───── RECORDS SUPPLIED

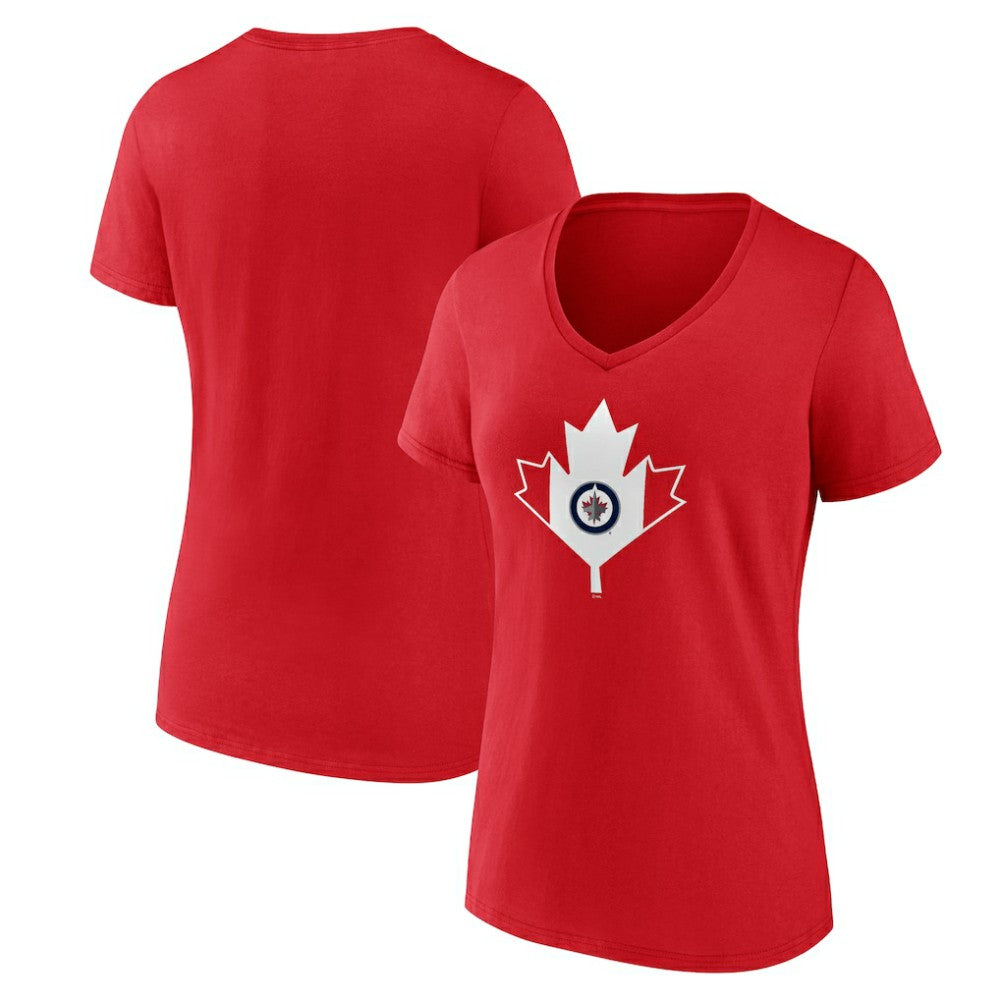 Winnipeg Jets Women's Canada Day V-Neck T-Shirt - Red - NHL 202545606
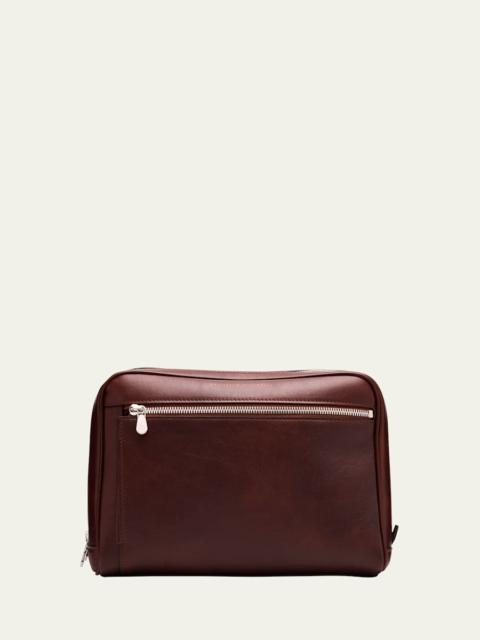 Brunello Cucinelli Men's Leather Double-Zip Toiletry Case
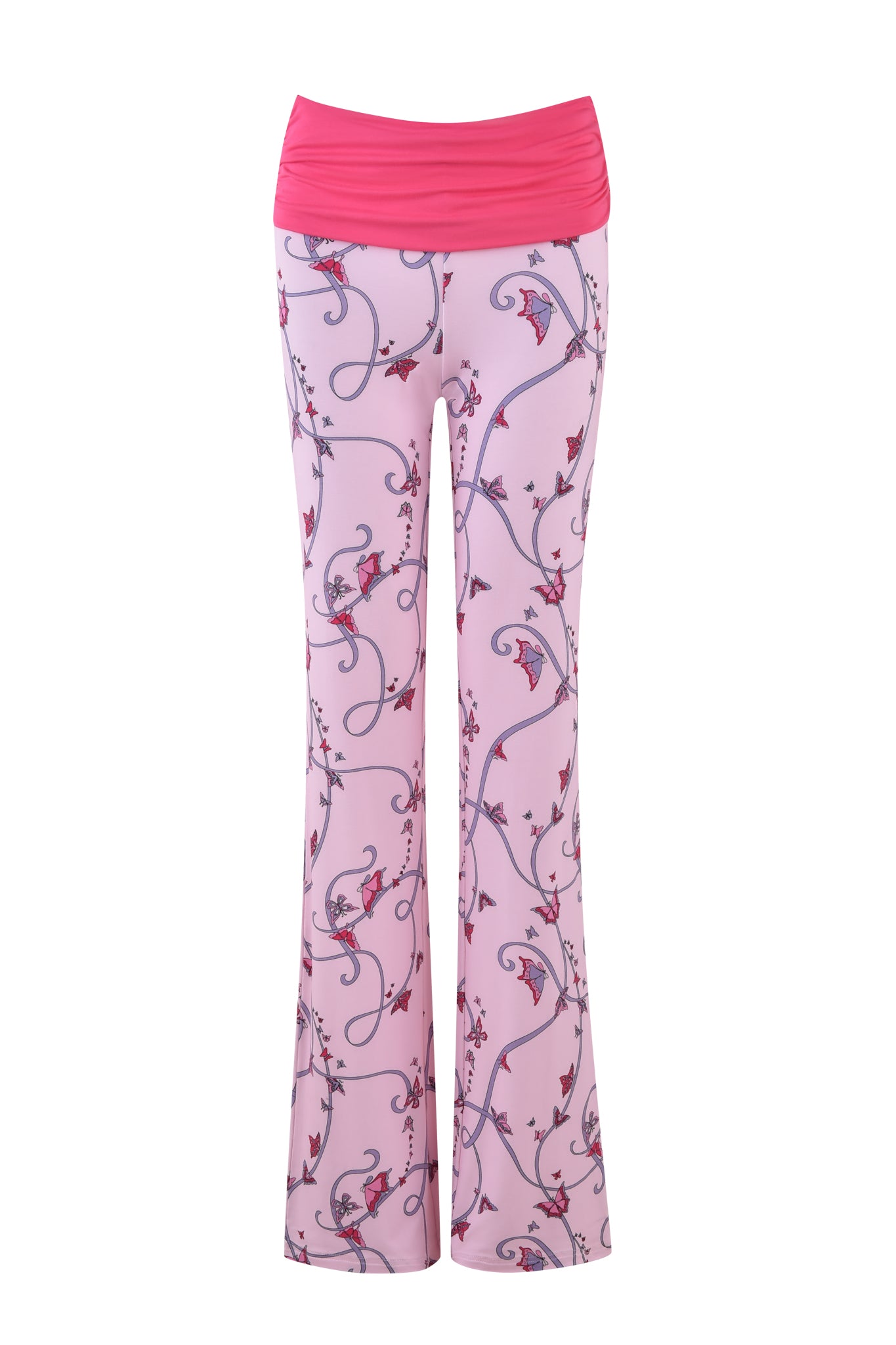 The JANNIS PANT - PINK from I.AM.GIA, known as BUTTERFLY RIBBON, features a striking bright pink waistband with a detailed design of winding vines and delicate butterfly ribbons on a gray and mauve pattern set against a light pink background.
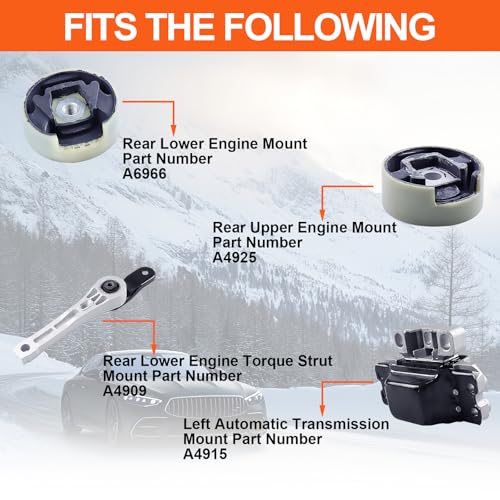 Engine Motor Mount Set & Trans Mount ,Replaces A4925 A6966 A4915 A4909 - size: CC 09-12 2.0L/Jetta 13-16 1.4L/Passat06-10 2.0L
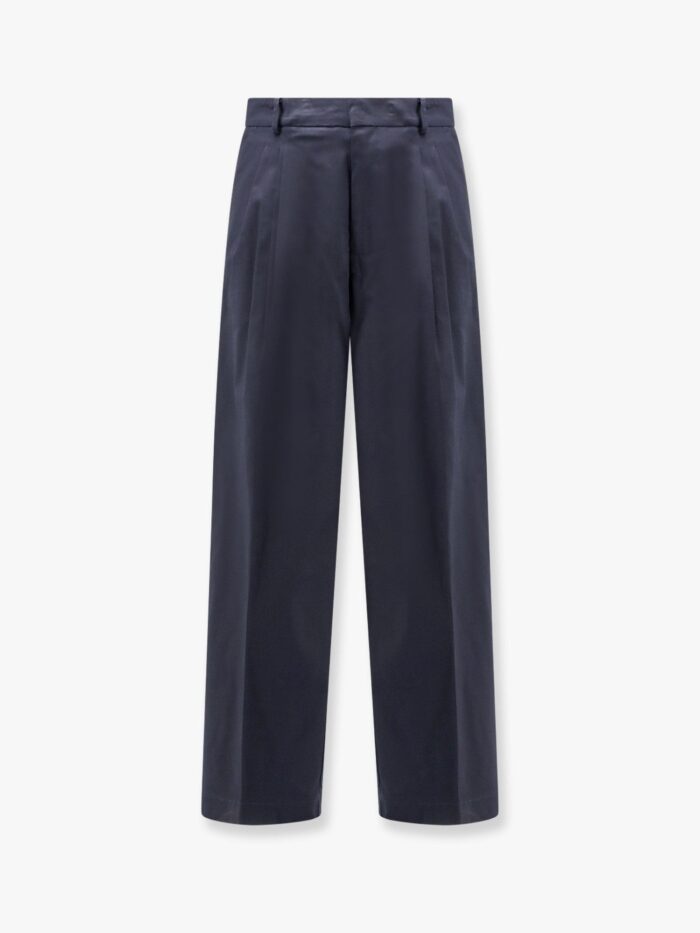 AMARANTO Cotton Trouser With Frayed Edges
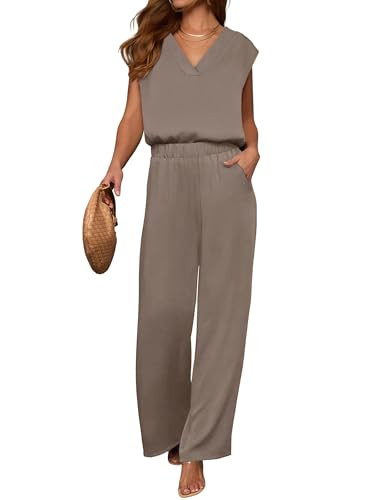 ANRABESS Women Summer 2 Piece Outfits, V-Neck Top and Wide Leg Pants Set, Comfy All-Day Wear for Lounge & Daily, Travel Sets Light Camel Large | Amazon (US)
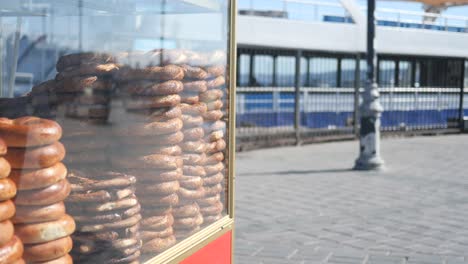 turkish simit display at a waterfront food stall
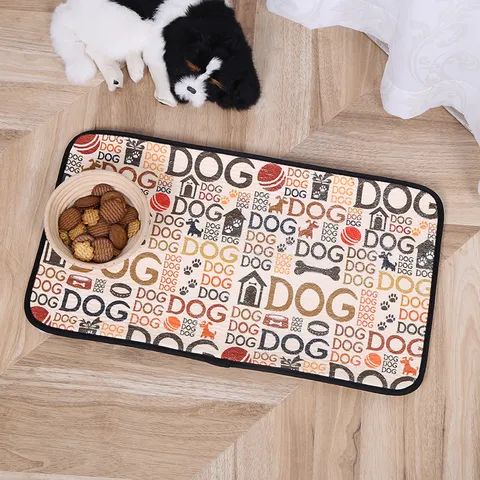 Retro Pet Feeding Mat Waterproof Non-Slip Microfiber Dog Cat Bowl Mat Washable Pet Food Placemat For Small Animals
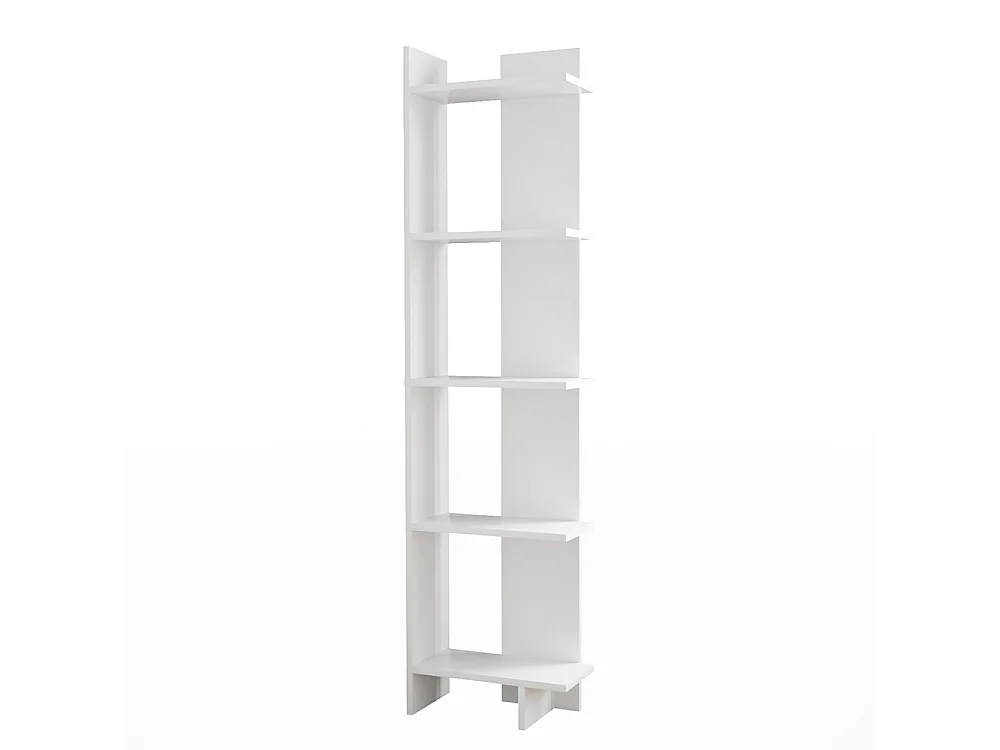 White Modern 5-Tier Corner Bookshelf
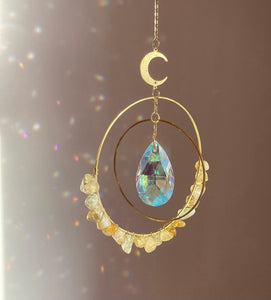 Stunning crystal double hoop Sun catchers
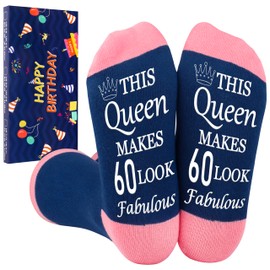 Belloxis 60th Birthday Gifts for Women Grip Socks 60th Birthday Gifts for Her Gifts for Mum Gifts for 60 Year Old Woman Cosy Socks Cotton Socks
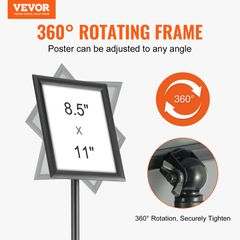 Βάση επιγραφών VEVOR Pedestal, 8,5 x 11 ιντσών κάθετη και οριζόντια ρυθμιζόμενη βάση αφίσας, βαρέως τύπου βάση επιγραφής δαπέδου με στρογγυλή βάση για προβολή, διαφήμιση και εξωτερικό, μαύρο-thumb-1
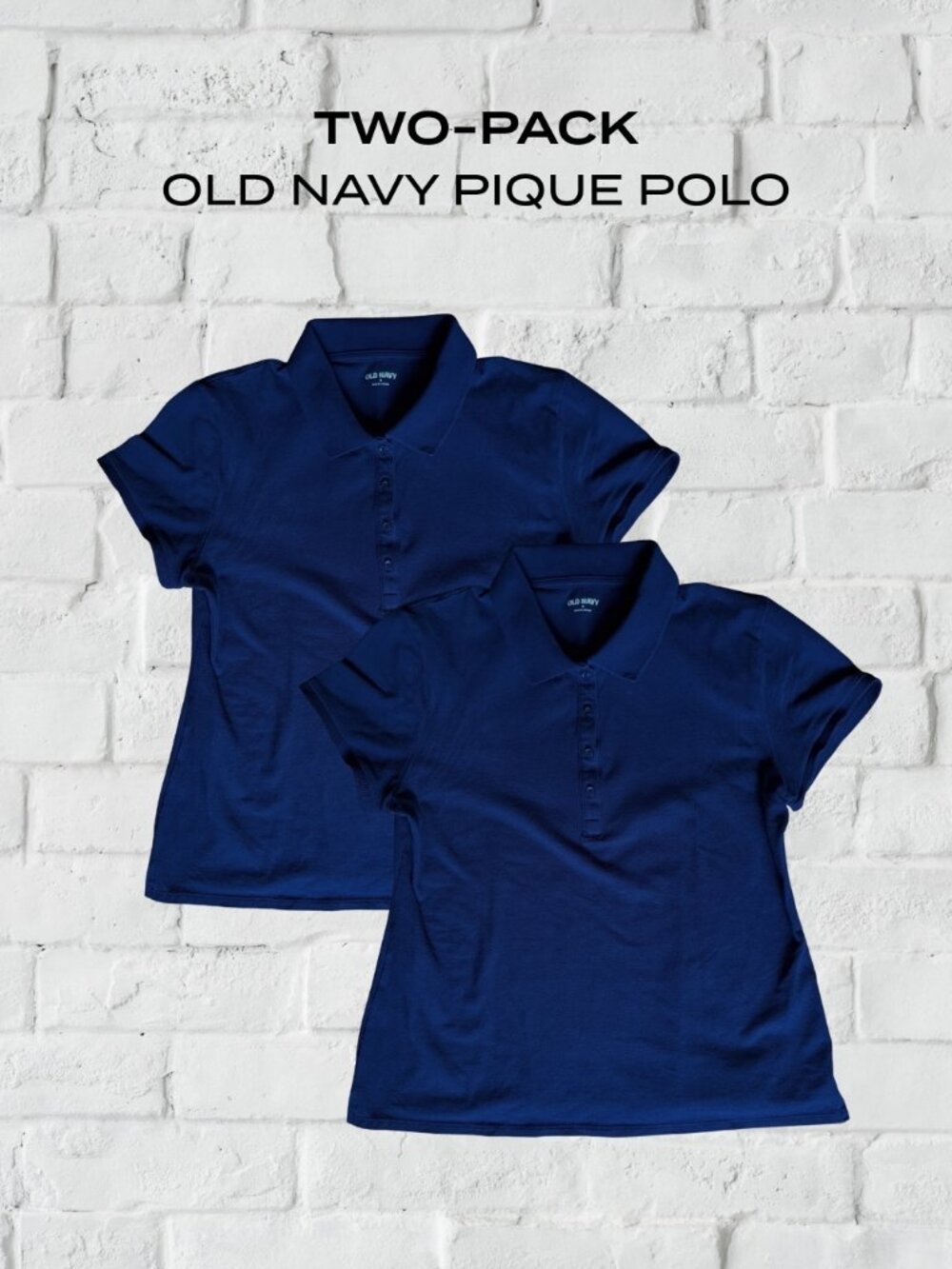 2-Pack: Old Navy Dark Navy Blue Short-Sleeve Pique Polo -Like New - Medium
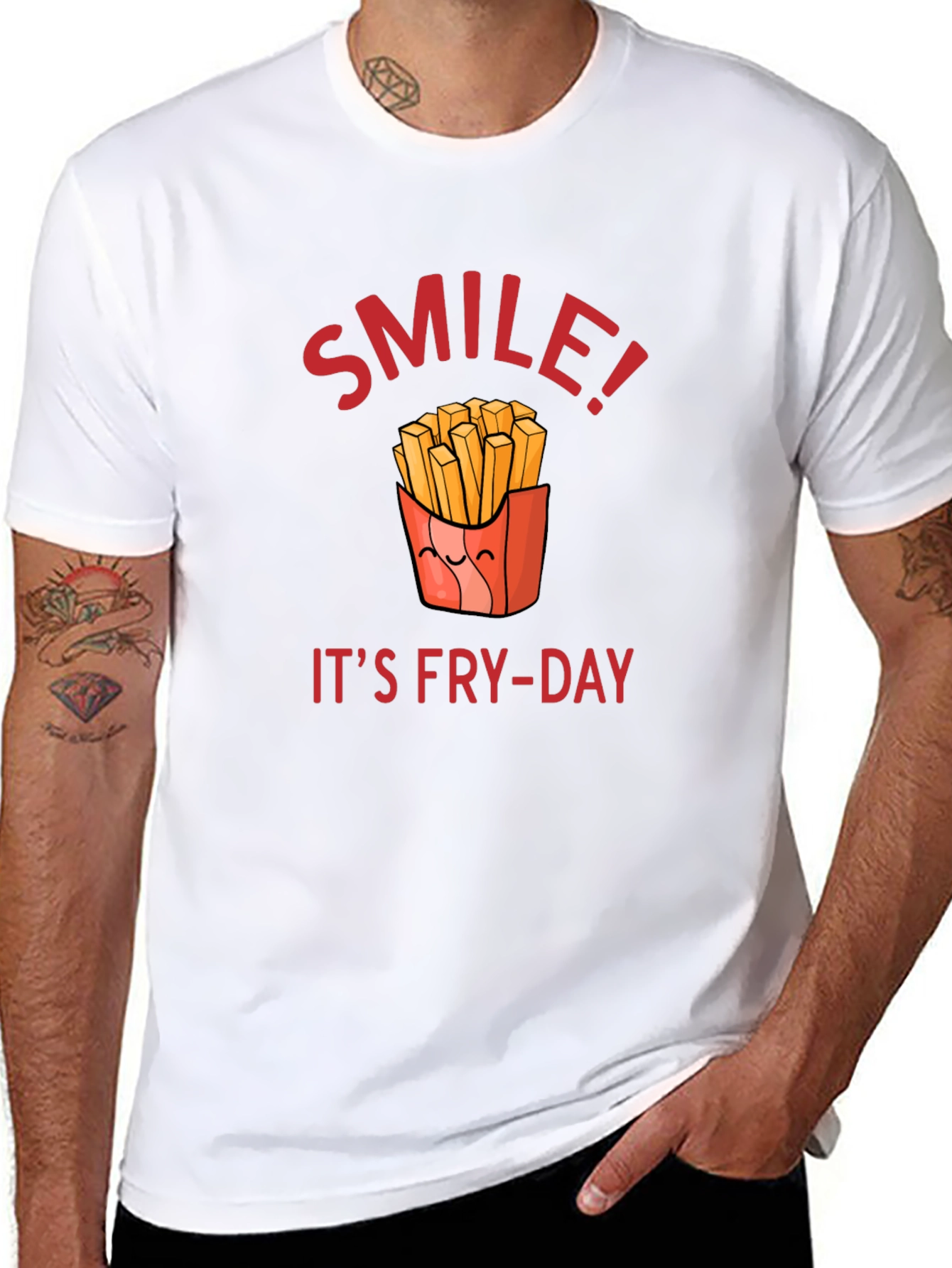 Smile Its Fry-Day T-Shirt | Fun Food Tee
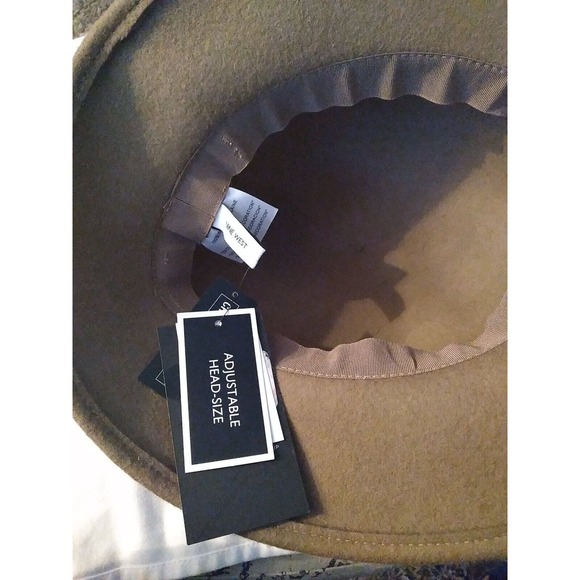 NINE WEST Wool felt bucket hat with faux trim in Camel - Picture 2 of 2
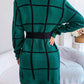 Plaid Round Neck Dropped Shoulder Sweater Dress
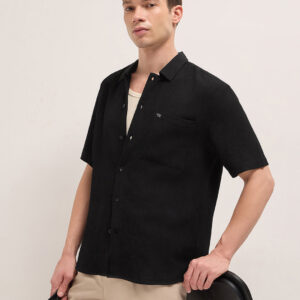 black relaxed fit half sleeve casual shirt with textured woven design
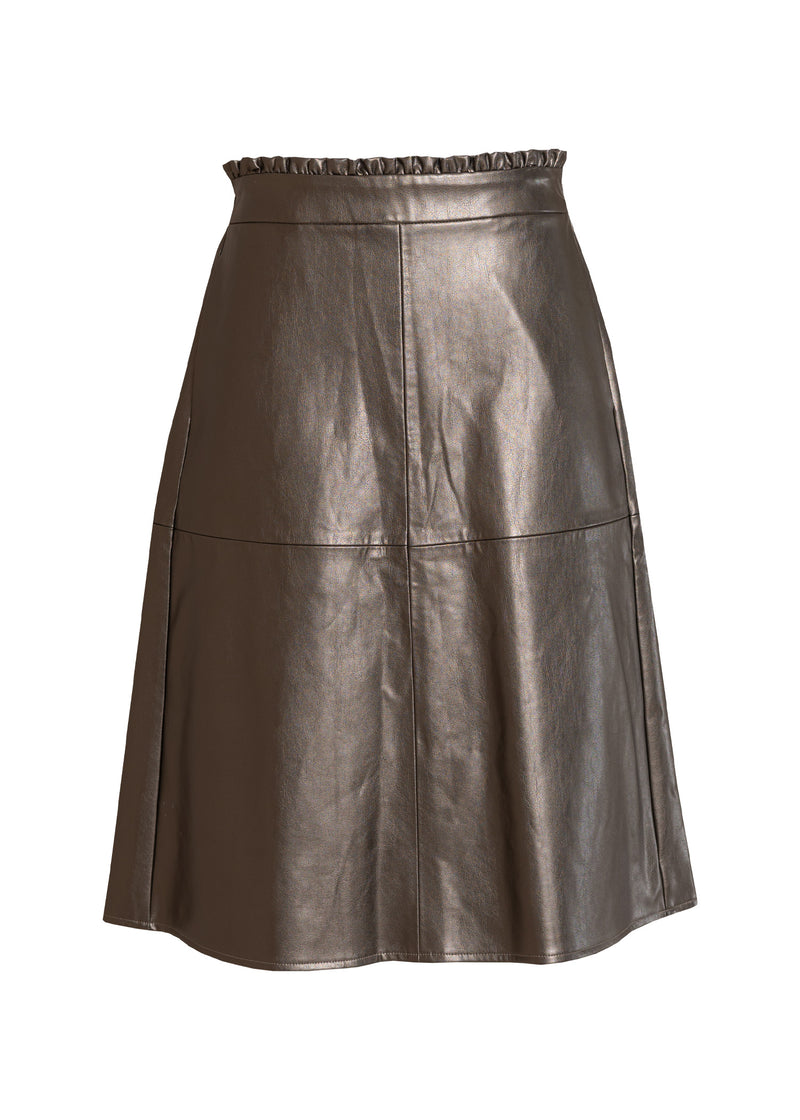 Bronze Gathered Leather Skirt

──────────

:: TASK ITEM ::
Stop after the line containing "Brunello Cucinelli Men's": copy the records exactly from the first line up to there, leaving pictures out.

:: TASK RESULT ::
 Winnipeg Jets Women's Canada Day V-Neck T-Shirt - Red - NHL 202545606
 Brunello Cucinelli Men's Leather Double-Zip Toiletry Case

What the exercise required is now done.